Dr Ampaabeng, who is the Fiscal Policy Lead at Oxfam Ghana, also asked the Government to make the citizenry have evidence of the taxes paid by distributing development equitably across the country and make tax rates affordable to all.
Dr Joseph Obeng, President of the Ghana Union of Traders (GUTA) in an interview with the Ghana News Agency on the sidelines of the forum, reiterated the need for tax systems to affordable and fair, especially for businesses.
He said, “The tax system should bring parity and fairness, because when there’s discretion like the case of Labianca and loopholes in the system, people take advantage of it to the detriment of others.”

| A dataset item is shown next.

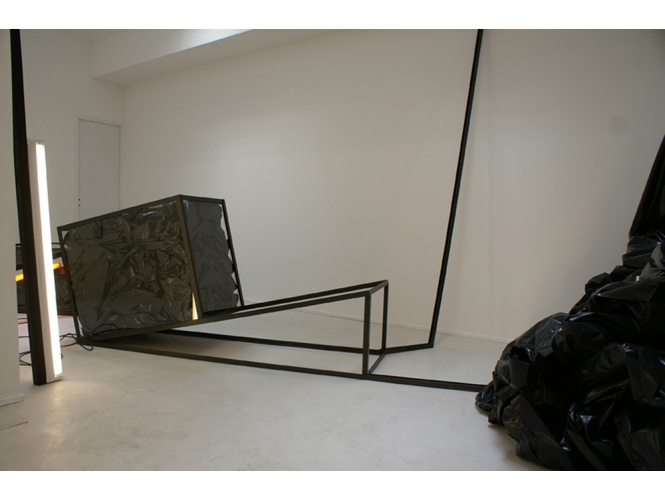 Angelika Markul, ‘Migration(s)’, 2011 % Technique mixte<br/>Vue de l'exposition "SECOND SPACE OPENING", Galerie Suzanne Tarasieve, Paris, 2011<br/><br/>Mixed technique<br/>View of the exhibition,  "SECOND SPACE OPENING", Galerie Suzanne Tarasieve, Paris, 2011<br/><br/>© Chabrol<br/><br/>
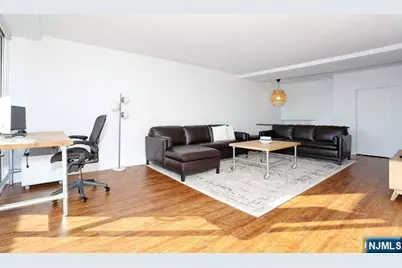 4 Horizon Road 1027 #1027, Fort Lee, NJ 07024 - Photo 8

He also said it was important for the Government to make the payment of taxes affordable noting that: “If the taxes are not affordable, compliance is difficult. So, they should tighten the system to make it fair and affordable.”
“The Value Added Tax (VAT) as it stands now doesn’t ensure parity; while some are paying 19.5 per cent – those in the standard rate, others are paying four per cent, yet many others are not paying at all, and such system should be addressed,” Dr Obeng said.
Mr Geoffrey Ocansey, Executive Director, RMA, said it was critical for the Government to implement tax solutions that would support the growth of industries.
Mr Ocansey said when an enabling environment was created for businesses to thrive, they would not only expand but employ more Ghanaians, and contribute more to taxes.
He called on GRA to intensify its public education by collaborating with the National Commission for Civic Education (NCCE), Information Services Department (ISD) and other stakeholders to “get closer to the people through face-to-face interaction in local languages.”
“People should know why they should pay tax right from the primary schools to secondary schools and the university. By the time they start working, they’ll know the essence of paying and willingly pay.”